• Problem statement:
Directions for the data below: repeat exactly the lines from the one with "Kép 1/3 - Golden" through the one with "White Suede /", both included, and omit all pictures.

• Record extracts:

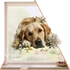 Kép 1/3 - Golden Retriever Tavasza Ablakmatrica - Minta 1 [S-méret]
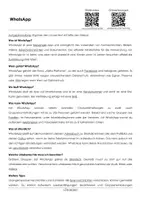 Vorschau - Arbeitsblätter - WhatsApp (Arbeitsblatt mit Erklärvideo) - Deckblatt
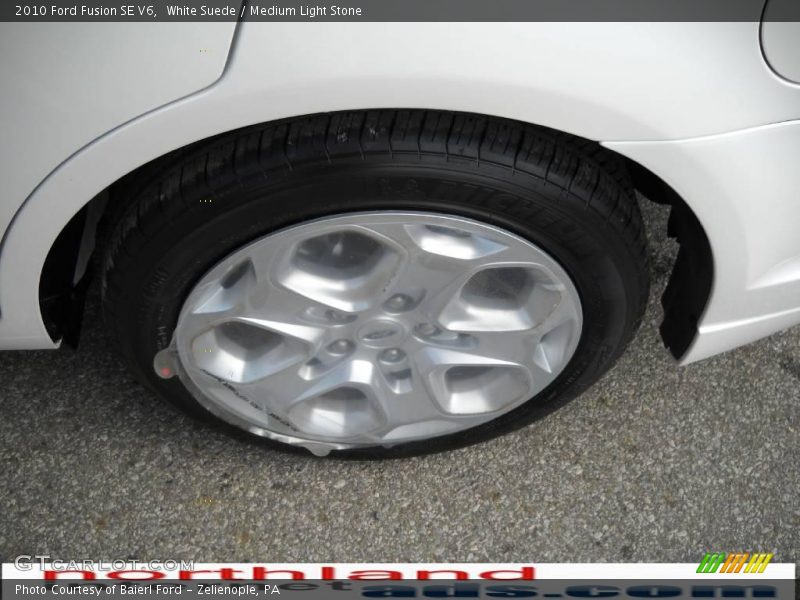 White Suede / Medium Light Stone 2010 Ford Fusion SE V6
--
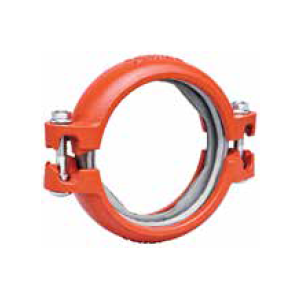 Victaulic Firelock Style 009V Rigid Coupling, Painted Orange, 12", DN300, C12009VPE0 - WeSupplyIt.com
* * *
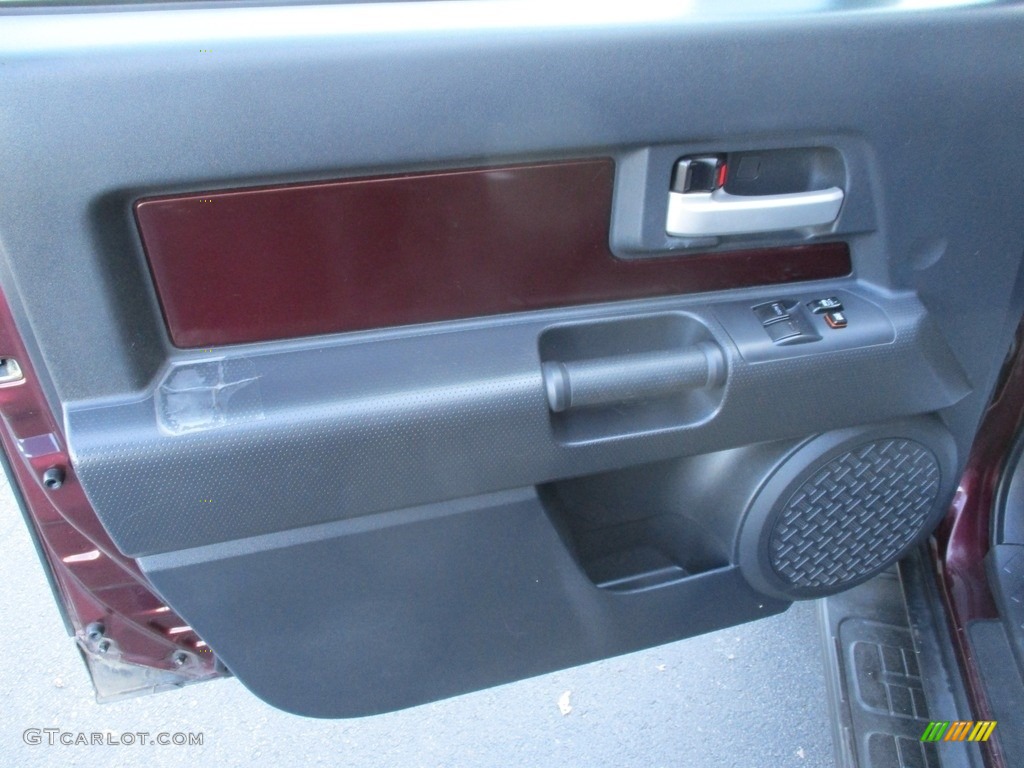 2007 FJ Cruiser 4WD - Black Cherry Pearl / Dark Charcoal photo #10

• Exercise response:
 Kép 1/3 - Golden Retriever Tavasza Ablakmatrica - Minta 1 [S-méret]
 Vorschau - Arbeitsblätter - WhatsApp (Arbeitsblatt mit Erklärvideo) - Deckblatt
 White Suede / Medium Light Stone 2010 Ford Fusion SE V6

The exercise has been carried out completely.